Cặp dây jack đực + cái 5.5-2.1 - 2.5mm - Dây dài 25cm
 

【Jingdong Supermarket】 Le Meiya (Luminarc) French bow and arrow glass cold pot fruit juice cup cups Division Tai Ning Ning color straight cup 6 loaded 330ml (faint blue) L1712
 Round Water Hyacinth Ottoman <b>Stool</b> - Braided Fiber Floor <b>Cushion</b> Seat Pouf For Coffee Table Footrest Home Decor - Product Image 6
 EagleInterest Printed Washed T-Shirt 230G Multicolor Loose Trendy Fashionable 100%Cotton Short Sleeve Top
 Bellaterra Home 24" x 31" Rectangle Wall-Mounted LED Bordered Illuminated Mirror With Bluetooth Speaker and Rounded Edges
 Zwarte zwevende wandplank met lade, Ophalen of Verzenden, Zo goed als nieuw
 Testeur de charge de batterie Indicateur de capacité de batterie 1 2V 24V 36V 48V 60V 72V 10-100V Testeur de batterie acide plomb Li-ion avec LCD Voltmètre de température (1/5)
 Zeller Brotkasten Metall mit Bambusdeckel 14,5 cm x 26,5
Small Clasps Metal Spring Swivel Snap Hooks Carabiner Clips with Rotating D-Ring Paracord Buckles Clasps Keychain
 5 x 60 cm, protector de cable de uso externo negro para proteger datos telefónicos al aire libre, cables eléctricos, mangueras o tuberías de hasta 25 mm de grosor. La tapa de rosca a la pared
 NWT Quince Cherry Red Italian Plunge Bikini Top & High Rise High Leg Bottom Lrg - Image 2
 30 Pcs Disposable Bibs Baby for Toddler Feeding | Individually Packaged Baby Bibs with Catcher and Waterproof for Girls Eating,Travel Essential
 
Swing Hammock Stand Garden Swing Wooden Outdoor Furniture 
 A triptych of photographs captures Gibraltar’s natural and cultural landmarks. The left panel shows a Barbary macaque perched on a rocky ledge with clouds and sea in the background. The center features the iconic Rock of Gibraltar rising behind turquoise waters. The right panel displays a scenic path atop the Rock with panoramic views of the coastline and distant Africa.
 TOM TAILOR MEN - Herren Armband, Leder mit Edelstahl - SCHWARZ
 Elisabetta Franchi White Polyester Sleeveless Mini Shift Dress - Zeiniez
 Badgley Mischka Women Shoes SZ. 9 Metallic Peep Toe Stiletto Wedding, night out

=======

Assignment: Check each line of the records for the string "Home" and copy those that have it.

Task solution:
 Round Water Hyacinth Ottoman <b>Stool</b> - Braided Fiber Floor <b>Cushion</b> Seat Pouf For Coffee Table Footrest Home Decor - Product Image 6
 Bellaterra Home 24" x 31" Rectangle Wall-Mounted LED Bordered Illuminated Mirror With Bluetooth Speaker and Rounded Edges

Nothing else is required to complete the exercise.